Il faudra bien, pourtant, que les peuples africains, au lieu de fermer les yeux sur les tares morales de leurs dirigeants, se mettent plutôt à réfléchir aux valeurs que ceux-ci sont censés véhiculer. Au vu de l’humiliation mondiale qu’a connue la France à travers l’affaire DSK, est-ce qu’un peuple comme celui de Côte d’Ivoire, au moment où il espère pouvoir concocter un arrangement politique baptisé réconciliation nationale, désire réellement continuer de s’inspirer d’une morale qui fait des inculpés des souffre-douleur et des victimes des comploteurs ? Un pays qui envisage de se reconstruire doit-il demeurer dans cet espace de contraction des valeurs morales les plus élémentaires, au grand dam de l’essor de ses propres mœurs culturelles ? Une nation qui espère s’engager sur la voie de l’émergence doit-elle tailler son identité sur le patron d’une civilisation décadente, au sens césairien du terme, à savoir, « qui s’avère incapable de résoudre les problèmes que suscite son fonctionnement » ? Ne serait-il pas plus opportun, pour un tel pays, de faire le rappel de sa rigueur traditionnelle qui, dans sa diversité, offre généralement un modèle respectable de pudeur, de responsabilité et de dignité ?

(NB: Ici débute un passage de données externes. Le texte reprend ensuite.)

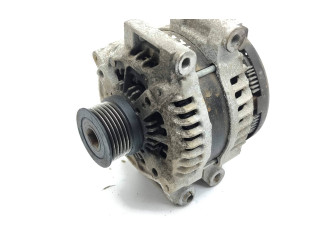 Генератор P0699066, 10019   Jeep Grand Cherokee      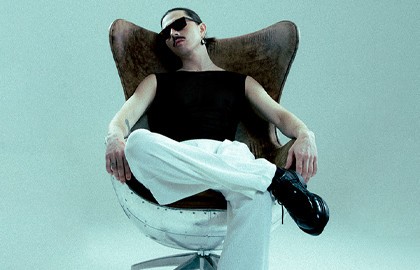 Всё, везде и сразу. Макс Юдин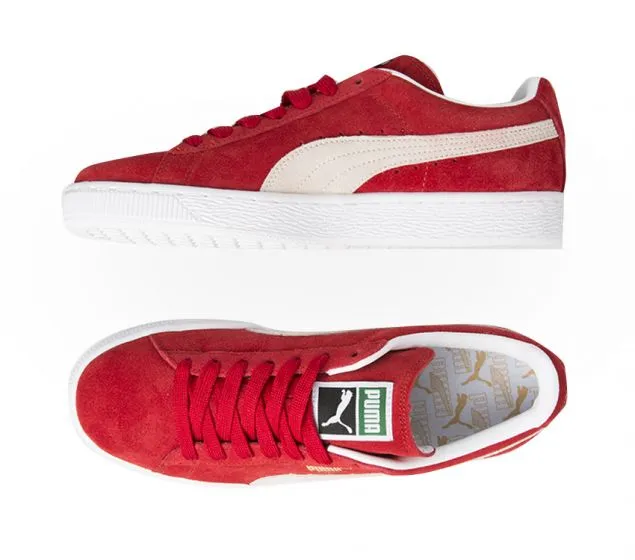 PUMA SUEDE CLASSIC REGAL - Shop Now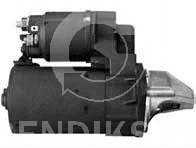 Rozrusznik kompletny CBS1257-BO-BS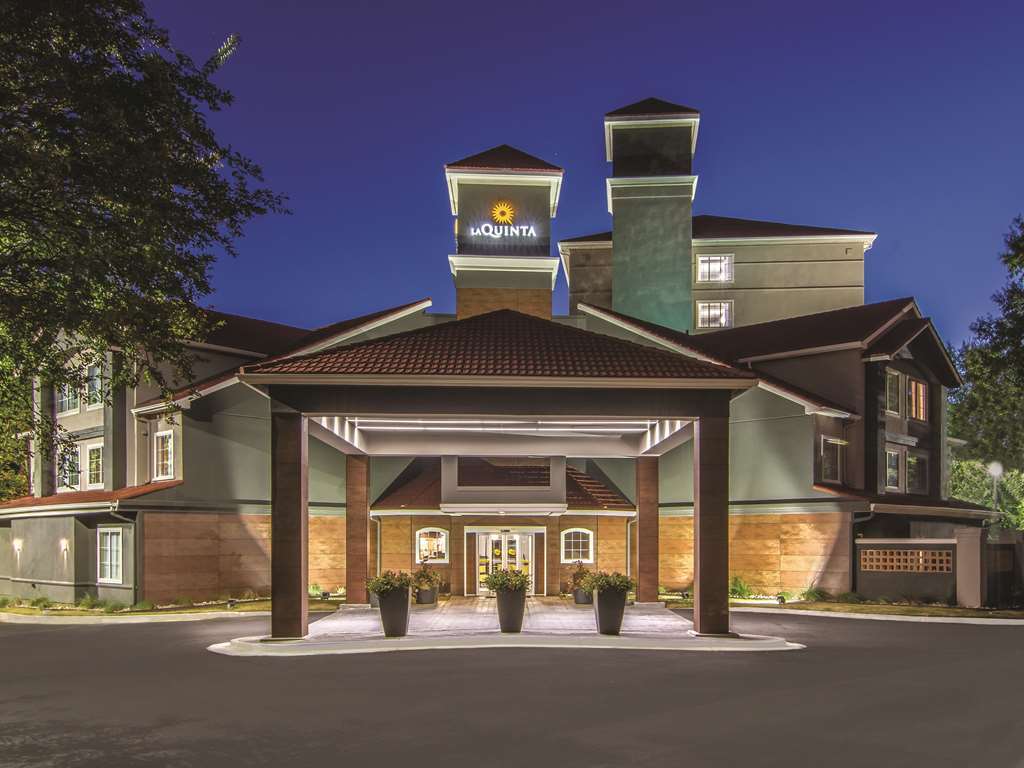 La Quinta By Wyndham Denver Tech Center Greenwood Village Exterior photo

Voici un ensemble de questions qu’il est crucial de se poser, au moment où le rééchelonnement de la hiérarchie étatique française rappelle l’incontournabilité d’un ensemble de normes morales minimales qui, une fois méprisées, ouvrent à des conséquences difficiles à contrôler. Ces questions appellent l’importance, pour la Côte d’Ivoire (et pour l’Afrique francophone) de s’inscrire dans la conquête acharnée de son indépendance morale, en s’éloignant de la dévaluation offerte par le capital moral français et en se rapprochant de l’exploitation de ses valeurs traditionnelles les plus saines. C’est un préalable non négociable si le pays espère recouvrir son identité propre et s’engager sur la voie de la conquête définitive de son autonomie politique, économique et sociale.

Jean-David N'Da

L’auteur est un essayiste originaire de Côte d’Ivoire. Il a publié plusieurs livres, éditoriaux, chroniques et articles publiés dans la presse écrite et numérique panafricaine.